Some times I think about time travel. I wonder if I had the chance what year would I want to go back to. And would I want to risk being stuck in the past. Yes, I would do it. I would like to be in the 1800's. A time before so called progress hit the fan. I would like to spend some time in the world before it became commercialized.

Saturday, April 03, 2004

Can't think of a specific thing to blog



There are many things going on, but not any one thing more important than the other. Really not anything I want to put into words for others to read. This is suppose to be a place for my thoughts, I know. My thoughts seem to come out in a whining, complaining tone. I am trying to turn that around.

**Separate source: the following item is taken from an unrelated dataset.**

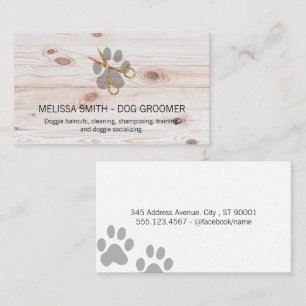 Élégant éleveur de chiens   Cartes en bois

The only thing that stands out is my dad's doctor appointment on thursday, the eighth. My sister called and told me she was going to bring dad to the v.a. clinic if everything goes as she has planned. Wow, I thought to myself. That's great! Well, then she says she will come and pick me up so I can ride with her. What's the point; I might as well take him myself. She's suppose to do it, to help me out is what I thought. And I tell her I thought she was going to take him herself, so I wouldn't have to go. She didn't like hearing it, but lately I find myself saying things that people don't like to hear.

The new me emerging I guess. Sometimes words slip out before I can hold them back. I regret it afterwards but oh well it's too late. I suffer the consequences.